Dozens of Baylor students helped with the legwork of distributing and collecting forms. With the data compiled, it was time to apply what the team learned.
"We used the data to create focus groups. From that data, we arranged to screen their favorite movies and created opportunities for them to cook," Diehl said.
The results of their work drew high praise in high places. "We shared everything with the UNHCR and gave the information to the (Greek) Ministry of the Interior," she said. "They loved it and even asked us to expand the program. All the feedback we got was encouraging."
It didn't surprise Jennifer Dickey, director of global mission leadership in Baylor's Diana R. Garland School of Social Work, to see Diehl accomplish so much, so fast.
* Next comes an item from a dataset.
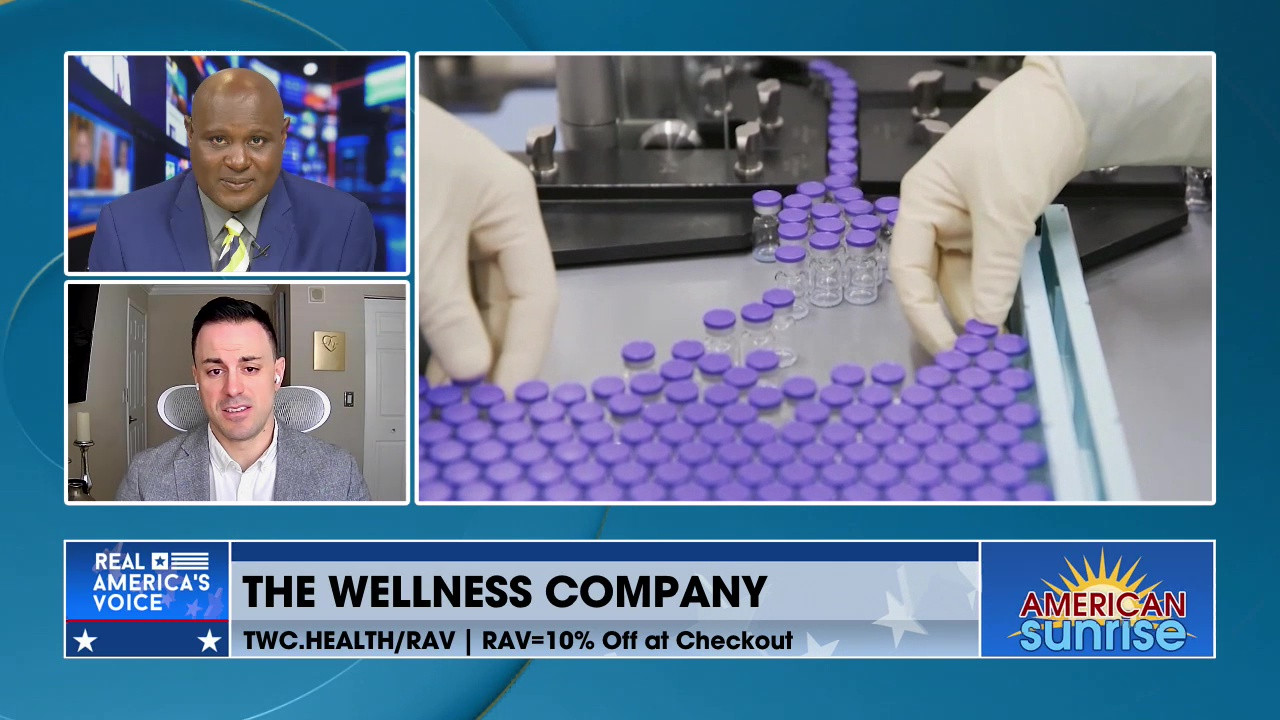 THE IMPORTANCE OF HEALTH IN THE U.S.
"Katherine embodies compassion and belief in humanity fueled by her close relationship with God. She also has a deep curiosity for learning and a commitment to pursue evidenced-based practice. This allows her to approach communities through her social work practice with informed methods as well as belief in their ability to navigate the challenges they are encountering and make purposeful change in their lives," Dickey said. "She is engaging Syrian families, deeply impacted by terror in their nations, with dignity, belief and informed practice methods. This is evidenced in the services she and her team are creating for Syrian families through the asset-based assessment."
Diehl praised the team when asked if she understood the magnitude of what she did--work normally performed by senior researchers working for well-funded non-governmental organizations (NGO).
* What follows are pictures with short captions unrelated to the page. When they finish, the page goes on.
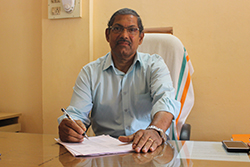 principal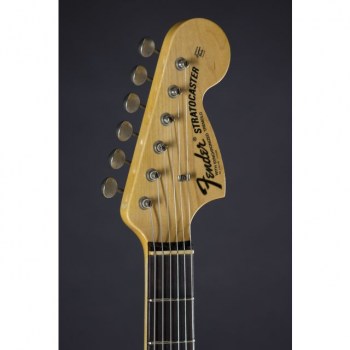 Fender '68 Strat Relic Michael Landau Signature Black купить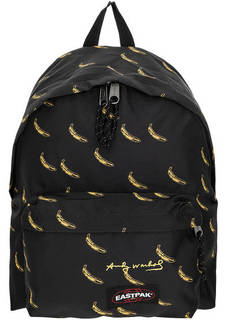Текстильный рюкзак с принтом Eastpak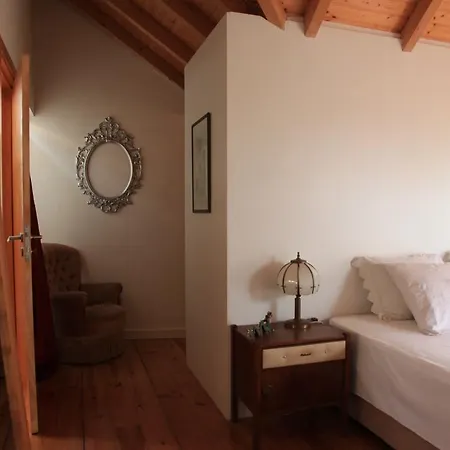 Sao Vicente House * Лісабон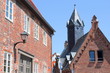 Altes Rathaus und Alte Feuerwache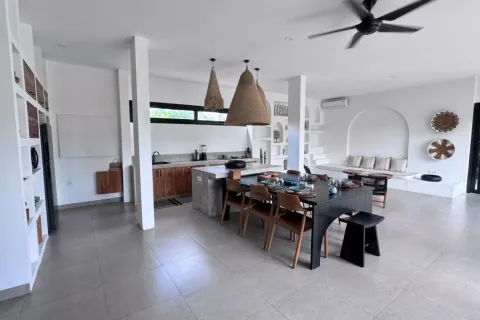 3 bedrooms Villa in Tumbak Bayuh, Mengwi, Badung, Indonesia No. 10656 3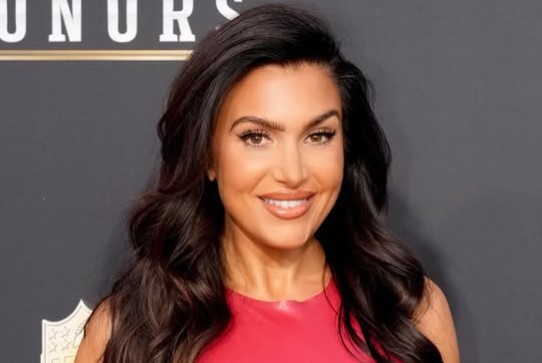 Molly Qerim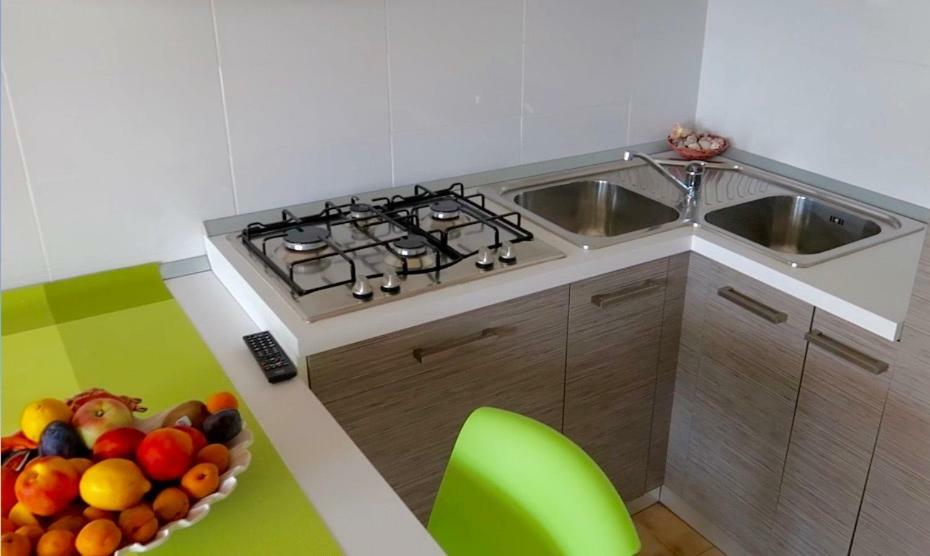 Grazioso Appartamento N 66 A Bibione A 100 Mt Dal Mare 外观 照片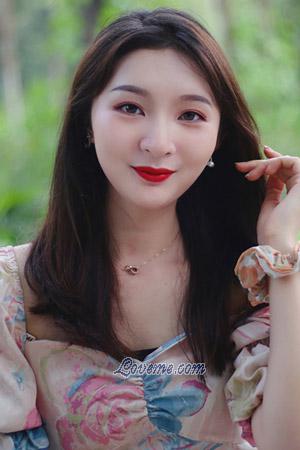 201951 - Jinmei Age: 26 - China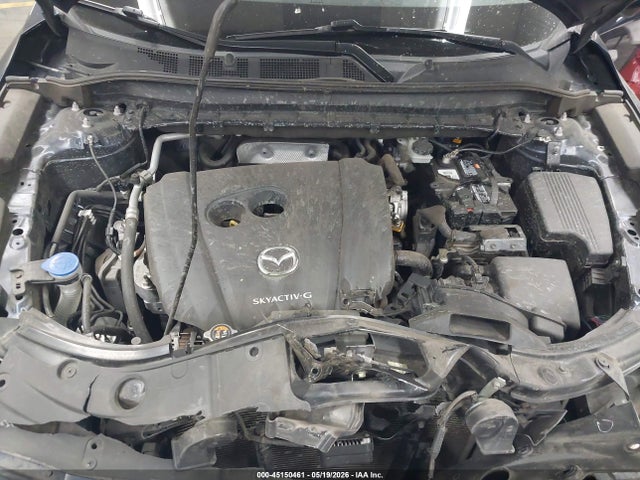 45150461 :رقم المزاد ، JM3KFACM2L1836541 vin ، 2020 Mazda Cx-5 Touring مزاد بيع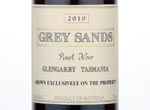 Pinot Noir,2010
"Our base (group) was the youngest there, mostly college students, but we were given leadership opportunities far beyond our years. We had the mentality that we could do anything," she said. "It was a privilege just to be a part of it. We had people who dream big. You have to (dream big) to sign up for something like this. There's no question in my mind a lot of students felt the same way. I was proud to be a part of it."
Diehl credits the successful summer on her Baylor experiences.Katherine Diehl, MSW '16
"In graduate school, I knew I was learning skills that could be used in the field. And then I got to Greece and realized just how much I'd learned at Baylor," she said. "It's still a little surreal. I didn't realize I'd use the skills I'd just learned. I think it's really cool how I got to use what I'd learned and apply it. This was real life. And this changed me for life."
Diehl returned to Greece in November to begin a year-long assignment, continuing the work she began last summer. When she returns home, she hopes to help more Baylor students participate in overseas mission work and eventually to help refugees resettle in the United States.
*The names of some people and places, as well as some specific details have been altered as the article deals with people living through an increasingly volatile situation.